Snobisme et littérature : le snobisme est-il un terreau pour une bonne littérature ?

Si l’on sourit ironiquement en prononçant le mot « snobisme », quel est son sens en littérature ? ou plutôt quelles sont ses multiples significations ?
Sacha Guitry, snob, cynique et farceur. Prêt à tout pour un bon motSacha Guitry, snob, cynique et farceur. Prêt à tout pour un bon mot

 Beaucoup sourient des snobs, ils appartiennent au domaine de l’artifice, du superflu. Et pourtant, ils font parfois de grands romanciers, et de bons sujets de romans. Le snobisme en littérature est avant tout une source d' inspiration, une inspiration des autres, de ceux peut-être qui n'appartiennent pas à une classe à laquelle ils voudraient appartenir, mais aussi du regard distancié pour d’autres classes. Le snobisme nait de l’envie mais aussi de l’observation. Un terreau riche pour écrire et décrire la comédie sociale

L’observation, un terreau de rêve pour un romancier

Snob, on pense en remontant dans le temps aux dandys. Oscar Wilde vient à l’esprit, ce noble esthète dont les comédies sociales avec leurs jeux de mots atteignent les pics de l’élitisme culturel. En contrepoint, ce voltigeur des hautes sphères a su écrire des hymnes angoissés à la souffrance sous forme par exemple d’un grand poème, à son retour d’exil : La Ballade de la geôle de Reading

Le snobisme de Wilde est toujours intact, mais à travers le prisme de ses propres expériences dramatiques, il a acquis une sorte de profondeur, de gravité. En fin de compte, c'est un grand homme de lettres qui a franchi les barricades de classes et a reconnu à travers ses épreuves une humanité partagée. Une universalité en quelque sorte.

Littérature : la finesse et l’humour d’une littérature d’élite, de l’"entre soi"

"Ma femme est normale, je suis normal et nos filles sont toutes plus folles les unes que les autres !" déclarait  David Mitford, leur père. 
Nancy Mitford romancière, scénariste, aime la France où elle a vécu une grande partie de sa vie. Puisant dans les frasques familiales l’essence de ses romans à succès, elle vient de la haute aristocratie anglaise et son destin ainsi que celui de ses sœurs touchent paradoxalement à la grande Histoire.
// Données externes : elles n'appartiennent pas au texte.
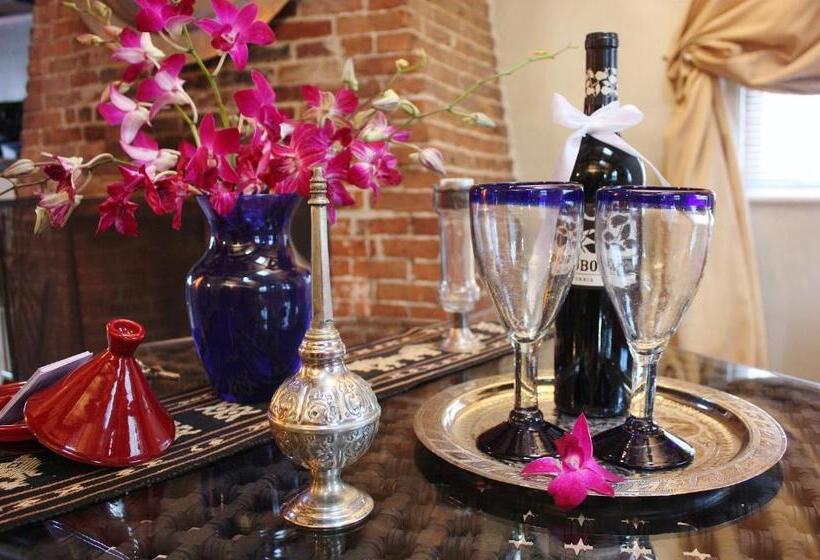 스위트 킹사이즈 침대, Moroccan Boutique Guest House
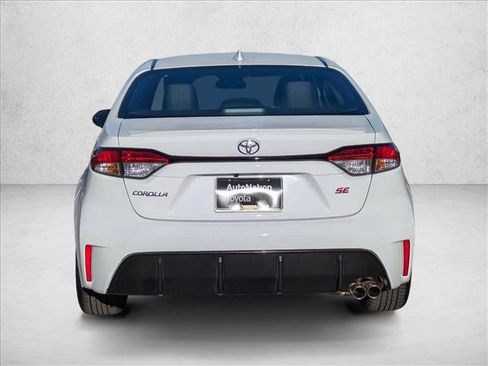 Certified 2025 Toyota Corolla SE image 8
Des dizaines d’anecdotes, de bons mots, des situations baroques et de personnages fantasques, ont construit au delà d’une littérature réfèrente « l’esprit Mitford ». Mitford est une écrivaine de son temps, d’une Société, d’une forme d’humour à la fois décapant et mondain. C’est en cela qu’elle est précieuse. Elle n’est pas snob parce qu' elle envie les autres, mais plutôt parce qu'elle force ses lecteurs à entrer dans une sphère de mondanités, de bals, de situations drolatiques de l’aristocratie pour nous élever, nous faire rire mais aussi pour nous faire mieux comprendre le genre humain.

Littérature : les personnages snobs des romans feignent de connaître l’élite 

On ne peut parler de snobisme littéraire sans citer Proust et les personnages de La Recherche. Au delà de toute la délicatesse, l’ambiguïté et la richesse des personnages et des sentiments, le snobisme est aussi au centre de l’œuvre. Il se plait à mettre en avant des personnages ambitieux qui n’ont parfois que peu d’étoffe, qui connaissent tout le gratin mais qui ne sont pas connus de lui. Ceux-ci éludent habilement les degrés d’intimité avec les personnages célèbres, feignant d’en être proches pour se mettre en avant.

Le snobisme que l’on décrit  en tant qu’écrivain ou que l’on porte en soi est une quête d’assimilation aux gens d'une autre classe à laquelle on souhaiterait appartenir, par la façon d’être, les goûts, et les relations. C’est aussi un jeu de Société, d’habileté, ou l’on est guetté, traqué, jugé : une gymnastique sociale pour les champions des artifices de la vie. Donc une matière littéraire infinie sur le genre humain..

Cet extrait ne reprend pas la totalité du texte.